In the mid ’60s there was a marvelous impressionist and comic named Frank Gorshin whose biggest claim to fame was playing The Riddler on Batman, the corny TV series starring Adam West and Burt Ward. Later, in his memoir, Adam West told the backstage account of the Batman series.  The amount of acid taken by stars and co-stars was mind-boggling.  A lot of counter-cultural figures found work on Batman; Wally Cox (the Bookworm), a Brando confidant, Tallulah Bankhead, the regally slutty bi-sexual Grand Dame of  stage and Screen, Caesar Romero, the elegant and deeply closeted Joker, Victor Mature as King Tut, and Lee Meriweather, who launched a million teen-age hard-ons as Cat Woman.

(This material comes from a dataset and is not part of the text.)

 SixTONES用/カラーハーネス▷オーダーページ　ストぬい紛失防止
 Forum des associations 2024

It was a goofy show and a lot of fun.  Gorshin appropriated Richard Widmark’s devious cackle from Kiss Me Deadly and made the Riddler limber, scary and kind of crazy.  Gorshin was a gifted actor in dramatic roles as well.  He also made a name for himself in Vegas as a crack impressionist and stand-up comic.  He was one of those old-school guys who could act, dance, and do comedy.  In short, he was an entertainer.   He was not a big guy.  He was rather built like an acrobat and his talent was rendered of this sensiblity as well.  Reflexive, quick, percussive are the words I think of when seeing old clips of him working four or five different personalities into his bits of mimicry.  The stuff today’s comics don’t do nearly as well.

Part of what I loved about the Riddler was the outfit;  a sickly green, laden with question marks.  As a kid I could not stop drawing this costume.  It intrigued me and it still does in an existential, comic kind of way.

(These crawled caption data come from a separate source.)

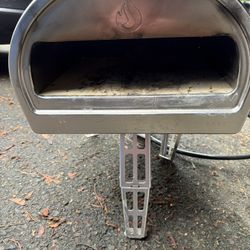 Rockbox Pizza Oven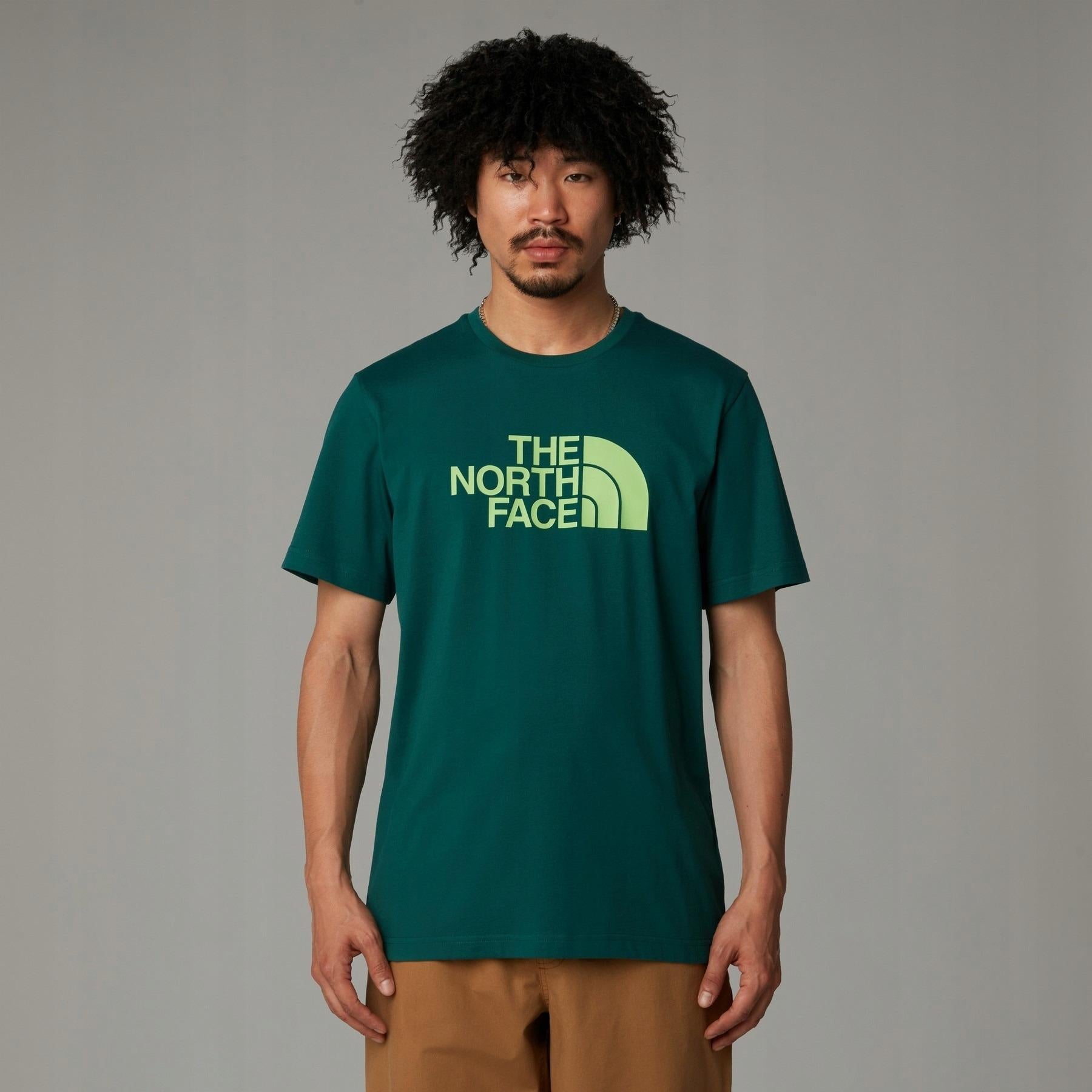 Easy Tee NF0A8A6C A6O1 THE NORTH FACE 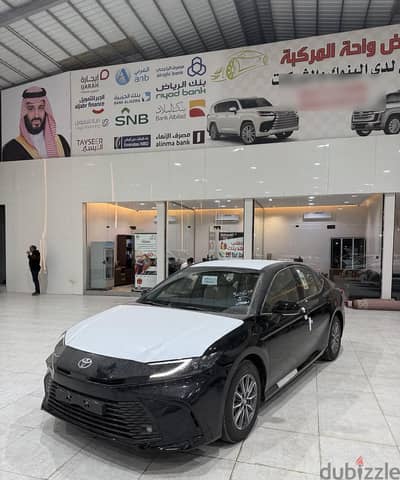 Toyota Camry 2025 — Dubizzle Saudi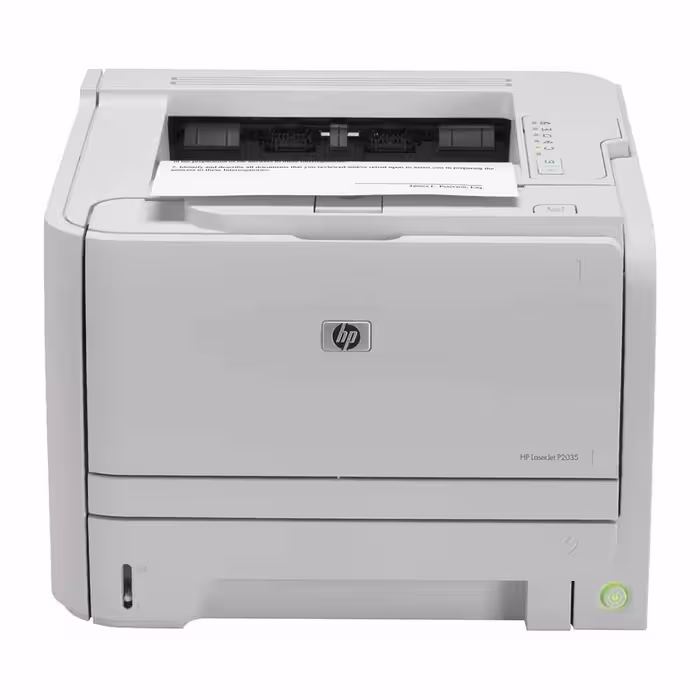 پرینتر لیزری اچ پی مدل LaserJet P2035 اورجینال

We are all different identities to different people.  We are not the same people around our friends as we are around our parents.  Men are not the same way around women that they are around other men.  Our personas shift shape and we acclimate according to what is appropriate for the company we are keeping.

What if we didn’t do that?  What if, right in front of our mother we outed with: “That Angela Jolie is smokin’ hot.  I’d like to floss with her thong.”  This would probably be thought to be inappropriate, no?

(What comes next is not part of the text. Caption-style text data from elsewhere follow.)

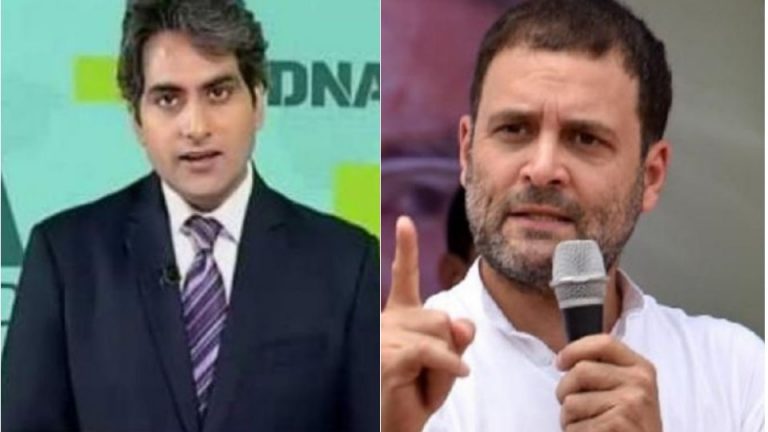 Zee News rejects Congress charge of doctored video, moves EC against Congress
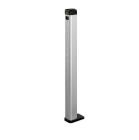 109L 1 A column with base plinth, cover and screws Fadini 109l
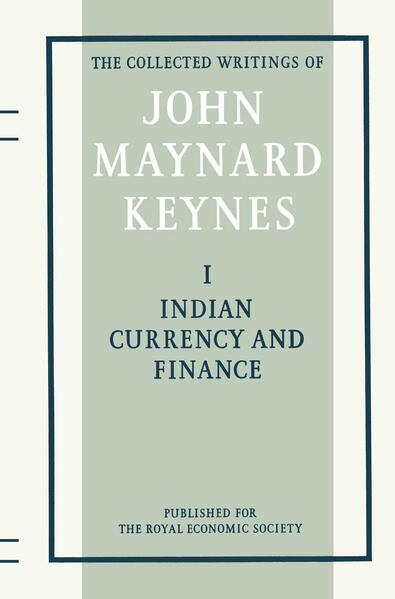 Indian Currency and Finance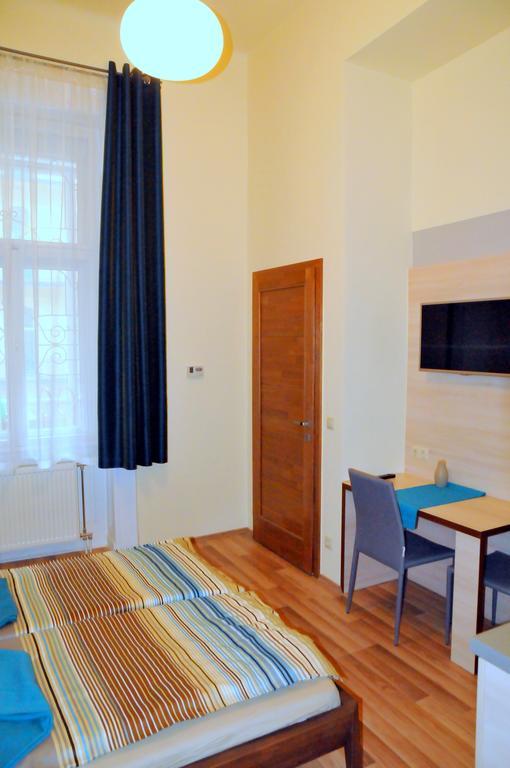 Frank & Fang Apartments Budapest Ngoại thất bức ảnh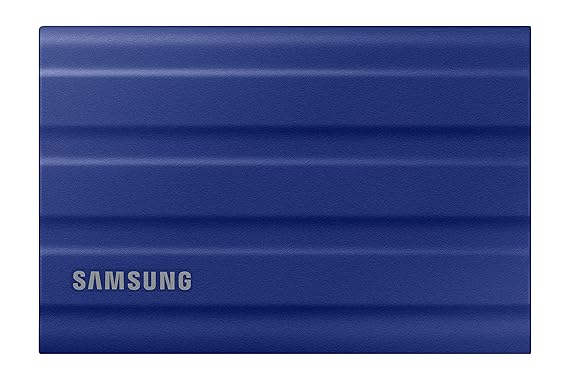 Samsung T7 Shield Portable Extenal Solid State Drive (USB 32 Gen 2)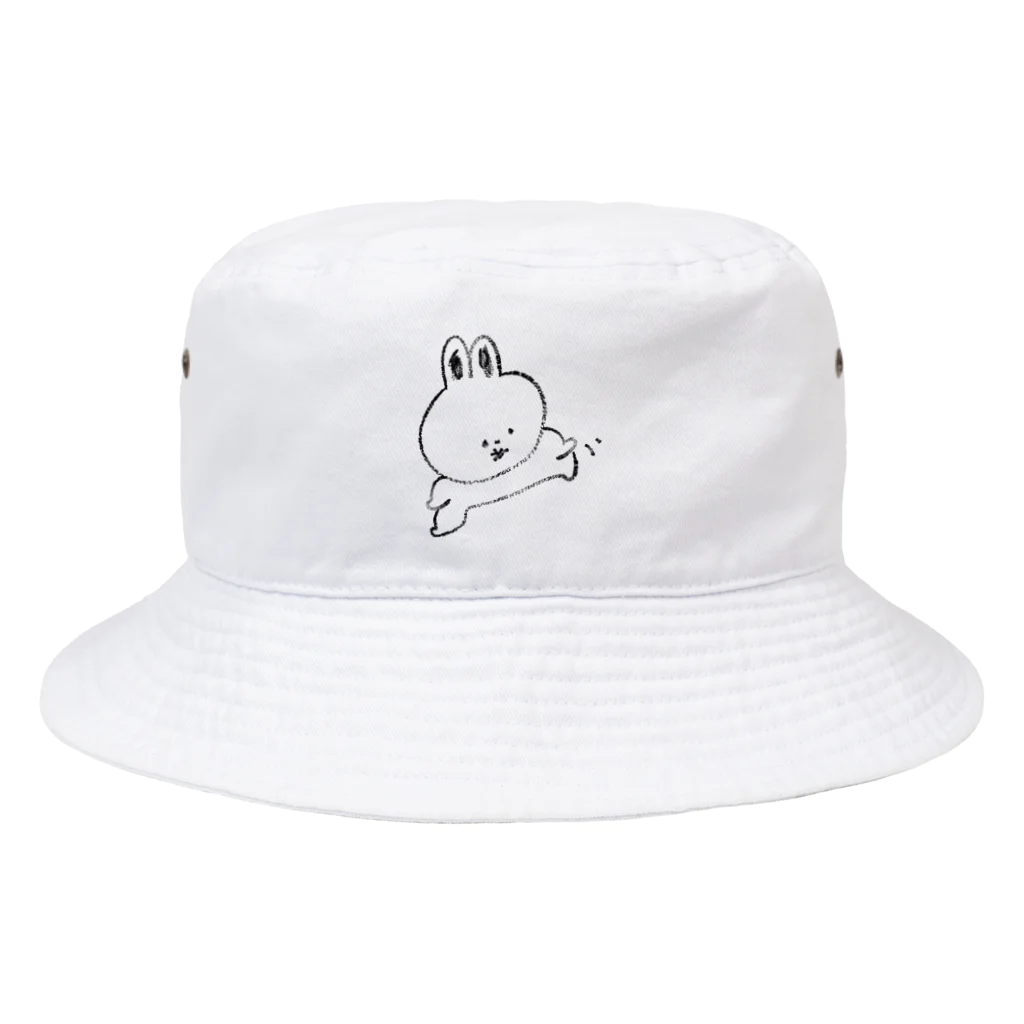 うさこちゃんのうさこちゃん Bucket Hat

I like certain costumes and uniforms.  They are there to function as a reminder, to the wearer, of who they are at that moment.  What the Riddler’s costume told you is that he wasn’t sure who he was going to be from one minute to the next, and boy, I liked that.  The whole nut-factor has some appeal for me.  I loved this kind of thinking as a kid.  Sitting in my Cathlic school with a bunch of twats dressed in Cub Scout uniforms like douchebags made me feel glad that I wasn’t one of them.  Like I hadn’t been captured by the hall monitors who wanted to tell you who you could be.  I only wanted to be like myself.